SEJER SASS SEHR RUHIG DA, die Hände im Schoß. Er ertappte sich dabei, wie er zweimal über seinen Trauring strich. Viel mehr konnte er nicht tun. Außerdem war es still und fast dunkel in dem kleinen Zimmer. Ab und zu blickte er auf und sah Halvors zerschlagenes Gesicht, das jetzt gewaschen und verbunden und doch ganz und gar unkenntlich war. Der Mund stand halb offen. Mehrere Zähne waren zerschlagen, die alte
    Narbe im Mundwinkel war nicht mehr zu sehen. Sein Gesicht war wie eine reife Frucht geplatzt. Aber die Stirn war unversehrt, und irgendwer hatte ihm die Haare nach hinten gekämmt, so daß die glatte Haut zu sehen war und noch immer verriet, wie hübsch er gewesen war. Sejer senkte den Kopf und legte vorsichtig die Hände auf die Bettdecke. Im Lichtkreis der Nachttischlampe waren sie deutlich zu sehen. Er hörte nur seinen eigenen Atem und irgendwo in der Ferne das leise Brummen eines Fahrstuhls. Eine plötzliche Bewegung unter seinen Händen ließ ihn zusammenzucken. Halvor öffnete ein Auge und sah ihn an.
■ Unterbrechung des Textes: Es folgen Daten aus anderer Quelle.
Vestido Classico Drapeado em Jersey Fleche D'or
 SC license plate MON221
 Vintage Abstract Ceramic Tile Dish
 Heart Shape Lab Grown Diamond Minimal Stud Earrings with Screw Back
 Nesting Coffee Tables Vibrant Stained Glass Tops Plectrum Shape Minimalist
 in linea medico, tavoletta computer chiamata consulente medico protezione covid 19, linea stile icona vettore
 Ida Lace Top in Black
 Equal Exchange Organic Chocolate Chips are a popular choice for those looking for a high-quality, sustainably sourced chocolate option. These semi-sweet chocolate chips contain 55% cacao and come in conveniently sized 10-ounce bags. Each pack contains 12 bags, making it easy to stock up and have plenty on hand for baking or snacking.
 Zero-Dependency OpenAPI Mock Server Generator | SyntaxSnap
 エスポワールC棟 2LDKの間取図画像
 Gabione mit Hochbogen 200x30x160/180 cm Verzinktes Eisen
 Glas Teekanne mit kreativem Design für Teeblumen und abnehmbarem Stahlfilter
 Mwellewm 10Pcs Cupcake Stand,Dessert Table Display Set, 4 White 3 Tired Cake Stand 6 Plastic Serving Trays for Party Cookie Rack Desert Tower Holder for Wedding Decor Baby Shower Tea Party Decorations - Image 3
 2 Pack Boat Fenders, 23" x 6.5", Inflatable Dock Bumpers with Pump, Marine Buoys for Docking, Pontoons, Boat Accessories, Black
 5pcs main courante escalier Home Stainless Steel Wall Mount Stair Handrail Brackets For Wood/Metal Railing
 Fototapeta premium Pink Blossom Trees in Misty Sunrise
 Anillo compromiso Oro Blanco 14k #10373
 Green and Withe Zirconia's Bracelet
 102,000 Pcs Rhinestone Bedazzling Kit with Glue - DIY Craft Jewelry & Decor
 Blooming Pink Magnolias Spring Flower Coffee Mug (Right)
Das andere war von einem großen geleeartigen Klumpen mit schwimmenden Pflastern bedeckt, es sah ungefähr so aus wie eine Qualle. Halvor wollte etwas sagen.
    Sejer hielt sich einen Finger vor den Mund und schüttelte den Kopf. »Nett, dein Grinsen wieder zu sehen, aber du mußt die Klappe halten. Sonst geht die Naht auf.«
    »Kanke«, murmelte Halvor undeutlich.
    Sie blickten einander lange an. Sejer nickte zweimal, Halvor zwinkerte immer wieder mit seinem grünen Auge.
    »Diese Diskette«, sagte Sejer, »die wir bei Johnas gefunden haben. Ist das eine genaue Kopie von Annies Tagebuch?«
    »Mhm.«
    »Nichts ist gelöscht?«
    Halvor schüttelte den Kopf.
    »Nichts verändert oder korrigiert?«
    Weiteres Schütteln.
    »Dann ist’s ja gut«, sagte Sejer langsam.